Duka Mendalam di Karawang
Belum genap 5 bulan pencabutan larangan terbang bagi maskapai asal Indonesia ke wilayah Uni Eropa, kecelakaan pesawat terbang kembali terjadi, Senin (29/10/2018).
Belum genap 5 bulan pencabutan larangan terbang bagi maskapai asal Indonesia ke wilayah Uni Eropa, kecelakaan pesawat terbang kembali terjadi, Senin (29/10/2018).
JAKARTA, KOMPAS - Kecelakaan menimpa pesawat Lion Air dengan nomor penerbangan JT 610, rute Jakarta-Pangkalpinang, Senin (29/10/2018) pagi di lepas pantai Karawang, Jawa Barat. Kejadian ini berulang setelah sejak 2017 tidak ada kecelakaan fatal di penerbangan komersial.
Hingga kemarin malam, tim penyelamat masih berupaya mencari titik jatuhnya pesawat di perairan yang memiliki kedalaman antara 30-35 meter ini. Kotak hitam pesawat juga belum ditemukan.
Presiden Joko Widodo menginstruksi agar pencarian badan pesawat dan 189 korban termasuk kru pesawat, dilakukan 24 jam. "Saat ini, kami kerja sekeras-kerasnya di lapangan, di lokasi, agar badan pesawat dan korban segera diketemukan," tegas Presiden di Bandara Internasional Soekarno-Hatta.
Ketua Basarnas Marsekal Madya Muhammad Syaugi mengatakan, pencarian akan dilakukan tahap pertama tujuh hari ke depan. Selanjutnya, jika korban dan badan pesawat belum ditemukan, pencarian akan ditambah tiga hari. Jika masih ada kemungkinan pencarian korban, badan pesawat, serta kotak hitam, maka pencarian akan dilanjutkan lagi.
Menteri Perhubungan Budi Karya Sumadi mengatakan, pihaknya membuka 3 posko untuk peristiwa ini, yakni di Bandara Soekarno-Hatta, Bandara Halim Perdanakusuma, dan Bandara Pangkalpinang.
Meskipun menilai hampir tidak ada kelalaian lembaga Airnav Indonesia, Budi menyerahkan penyelidikan jatuhnya pesawat itu ke Komite Nasional Keselamatan Transportasi (KNKT).
Sejauh ini, kata Budi Karya, kecelakaan pesawat terakhir terjadi dua atau tiga tahun lalu.
Pada Juni 2018, Uni Eropa (UE) menghapuskan Indonesia dari daftar negara yang dianggap keselamatan penerbangan sipilnya rendah. Langkah ini sekaligus mencabut larangan terbang bagi maskapai Indonesia ke wilayah UE.

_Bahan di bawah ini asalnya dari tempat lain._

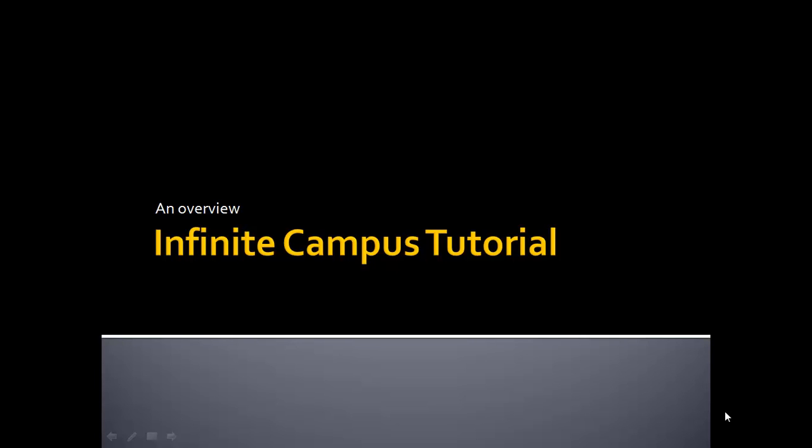Well, welcome back to junior high. Today we're going to spend a little bit of time going over some Infinite Campus information so that you're able to find my class when you need to and you're able to find homework when you need to.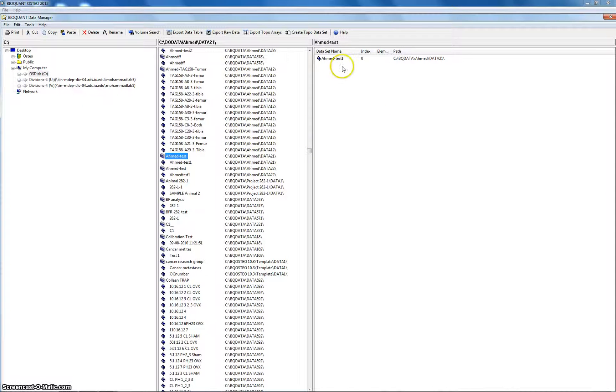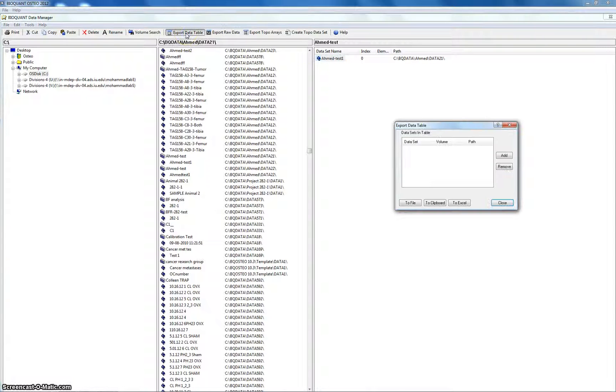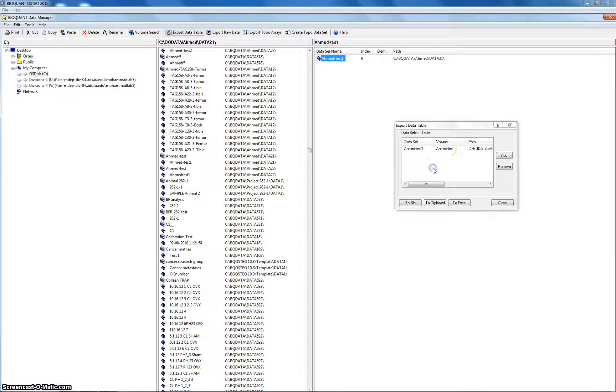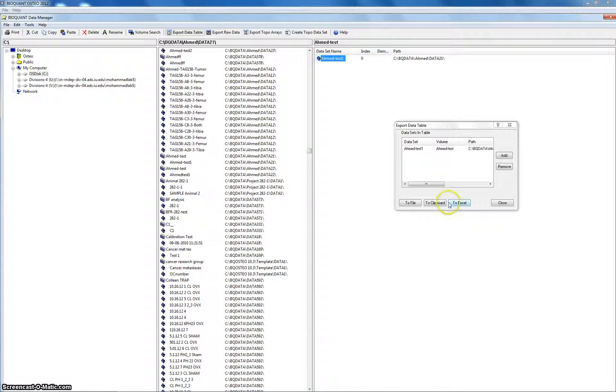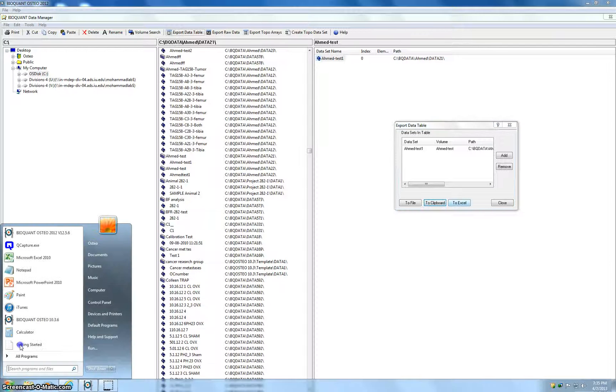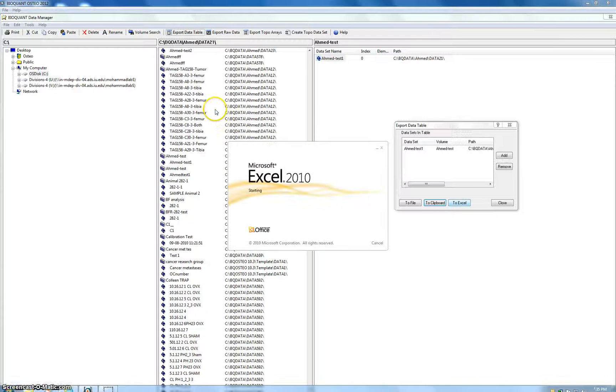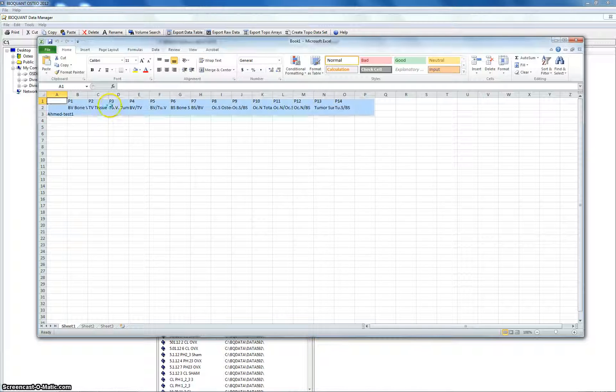Once you're here, you could export the data table. That's what I do. So you can just drag it in here. This is our sample. And you could export it to Excel sheet. Sometimes it works. Sometimes it doesn't. So safely, you could just do it to a clipboard. And then you go open an Excel sheet by yourself and you paste it.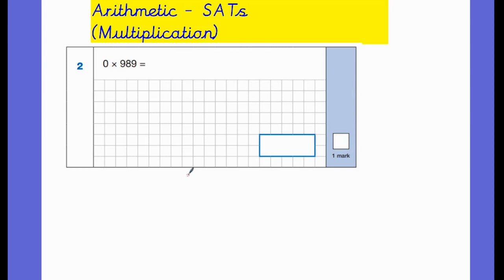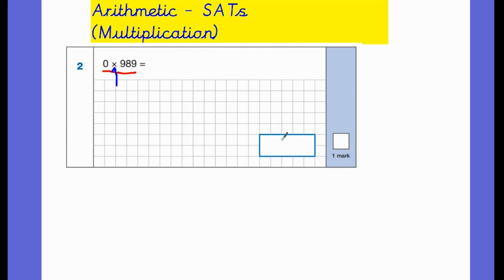The first question is question number two from the paper — the first multiplication question that comes up. It's not a tricky question but children could slip up if they don't know the rules. So: zero multiplied by 989. This symbol just means 'groups of', so we have zero groups of 989. If you have zero groups of anything the answer is zero — when you multiply any number by zero the answer is always zero. Make sure the children write the answer in the box provided.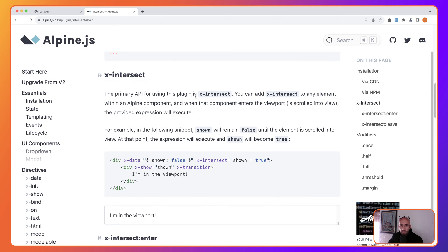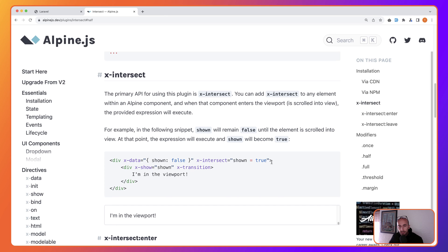Now, how do we use this plugin. The primary API is x-intersect. You can add x-intersect to any element within an Alpine component, and when that element is scrolled into the viewport, the provided expression will execute. For example, shown will remain false until the element is scrolled into view. So here we have x-data with shown false, and x-intersect sets shown to true. Then x-show with shown and x-transition will show the content once it enters the viewport.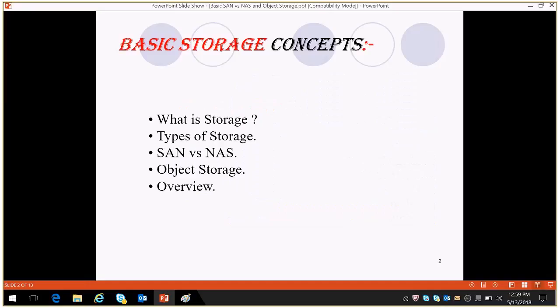In this video we are covering: what is storage, what are the types of storage, the difference between SAN and NAS, and object-based storage.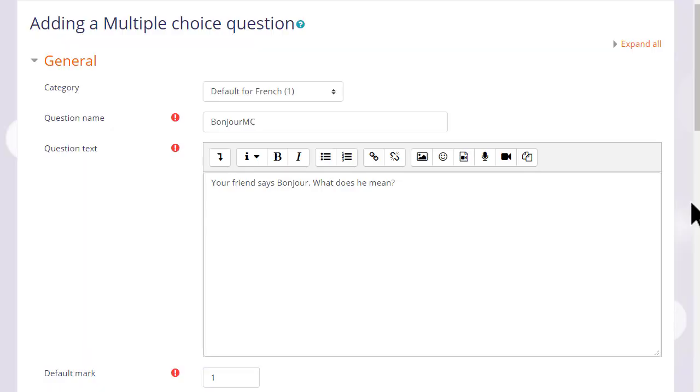We have to give it a name, although the name doesn't appear in the quiz, but it's important because it's how it would be recognized in the question bank in the future, particularly if we have a lot of questions ourselves and perhaps shared with colleagues.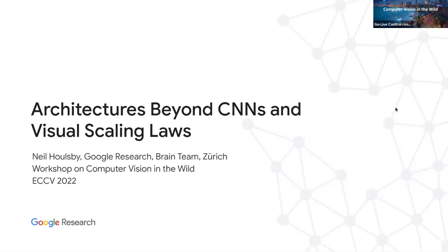My name is Neil, and I work in the Google Brain team based in Zurich. I'd like to start by thanking the workshop organizers for putting together this super well-organized workshop, the elevator benchmark and challenge. This workshop really aligns very well with our way of thinking about tackling computer vision problems.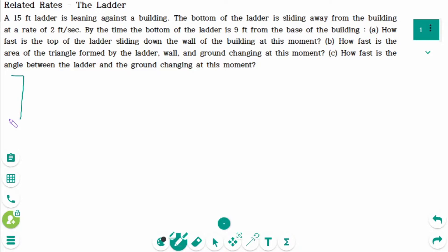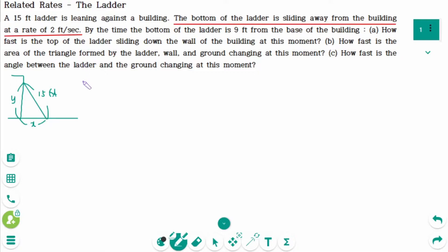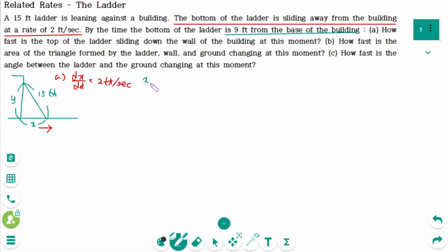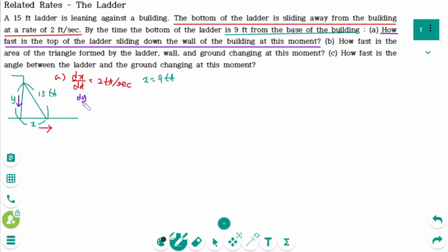In part A, we have a building, the ground, and a ladder. The ladder is 15 feet. Let's say x is the distance along the ground and y is the height on the wall. The bottom of the ladder is sliding away from the building at a rate of 2 feet per second, so dx/dt equals 2 feet per second. dx/dt is positive because the bottom is sliding away, meaning x is getting bigger. By the time the bottom of the ladder is 9 feet from the base of the building, x equals 9 feet. How fast is the top of the ladder sliding down the wall? So y is decreasing, and we are looking for dy/dt.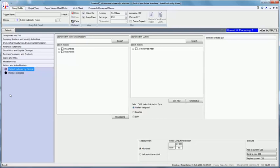Let us understand the functioning of this query trigger by an example. Suppose we want to select construction and real estate index available within COSPI. To execute this query,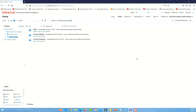Hi everyone, this is Arun, welcome back to another video in the tutorial series. Today we're going to take a look at the compound layout feature in OTBI, and we're going to use the view selector feature to switch between one layout and the other.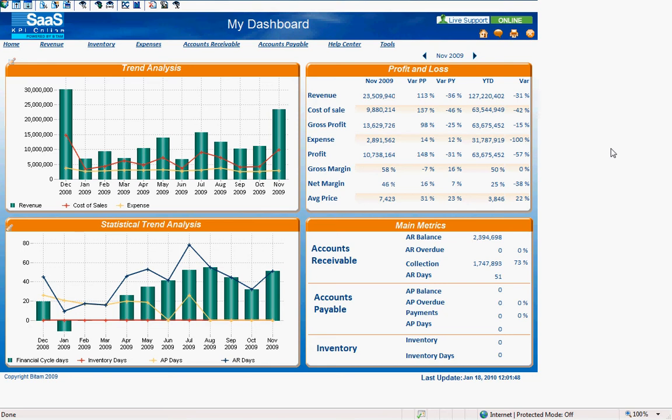Hi, this is Tracy Fabian with KPI Online. This short video has been created to assist you in creating a new analysis report and saving that report structure for future use.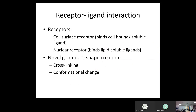For the first phase, receptors are either cell surface receptors or nuclear receptors. Cell surface receptors bind cell-bound or soluble ligands, and nuclear receptors bind lipid-soluble ligands. Once receptor-ligand interaction occurs, there is a new geometric shape creation — several ligands may bind to several receptors on the same cell, bringing all those receptors together in a process called cross-linking, which changes the geometric shape on the cytoplasmic side and initiates signaling.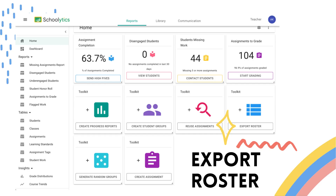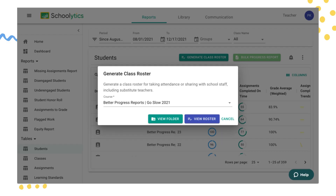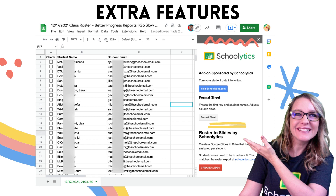When you go to schoolitics.com and log in with your free teacher account, notice on the homepage the option to export roster. Export roster is going to allow you to open it up in a Google Sheets spreadsheet, giving you all of the information you need to use with the add-on Roster Extras.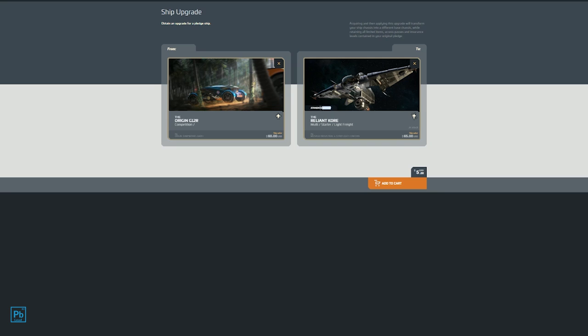Origin G12R to a Reliant Core. This is the standard edition, meaning it doesn't come with any extra perks. Now, a while back, if you're a subscriber, you'll occasionally get subscriber deals that include things like longer insurance, which with lifetime insurance doesn't matter, or other little perks. In this case, it's the standard edition, meaning it's just going to come with the ship.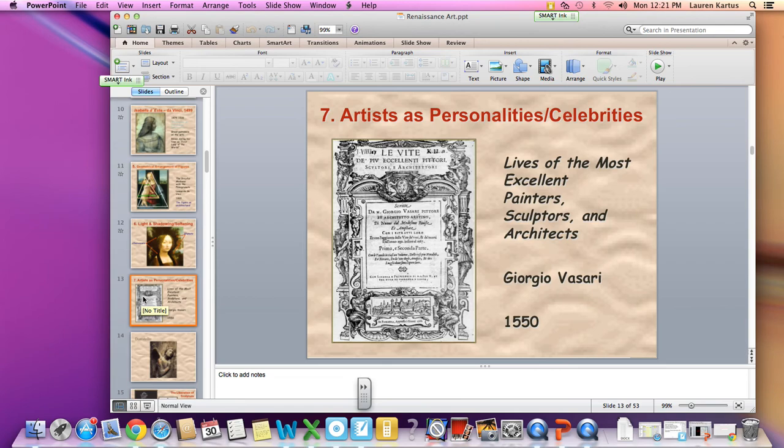Last, we had artists as personalities and celebrities. The artists of the time, like Da Vinci and Michelangelo, were considered like the actors of our time — very famous. Everybody who had money wanted them to paint for them, so they were very well known.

Terhadap maskapai penerbangan Lion Air, Budi Karya mengatakan, jika ada kelalaian yang menyebabkan kecelakaan ini, pihaknya akan merujuk pada peraturan.
Kepala Polda Jabar Inspektur Jenderal Agung Budi Maryoto menyatakan, petugas belum menemukan kotak hitam pesawat karena terhambat kondisi di lapangan. Jatuhnya pesawat menyebabkan lumpur naik sehingga pandangan penyelam terganggu.
Kepala Instalansi Kedokteran Forensik RS Polri Kramat Jati Komisaris Besar Edy P mengatakan, sampai pukul 19.55 sudah 18 kantong jenazah dibawa ke rumah sakit ini. Proses identifikasi jenazah masih berlangsung.
Sempat bermasalah
Sehari sebelumnya, Minggu, sistem operasi pesawat Lion Air bernomor registrasi PK-LQP ini sempat bermasalah. Namun pihak maskapai menegaskan, masalah telah dibenahi sebelum pesawat kembali beroperasi.
"Permasalahan teknis pada hari sebelumnya bukan masalah yang berat karena dapat ditangani dengan cepat," ujar CEO Lion Group Edward Sirait di Gedung Lion Air Operation Center, Tangerang, kemarin.
Meski tak merinci, Edward mengatakan, masalah teknis dialami pesawat jenis Boeing 737 MAX 8 dalam penerbangan rute Denpasar-Jakarta. Kerusakan itu ditemukan kurang dari 10 jam sebelum penerbangan pesawat yang sama ini menuju Pangkalpinang, kemarin.
Sesampainya di Jakarta, Minggu, Edward mengatakan, teknisi Lion Air memperbaiki masalah mesin sesuai prosedur yang ditetapkan produsen Boeing.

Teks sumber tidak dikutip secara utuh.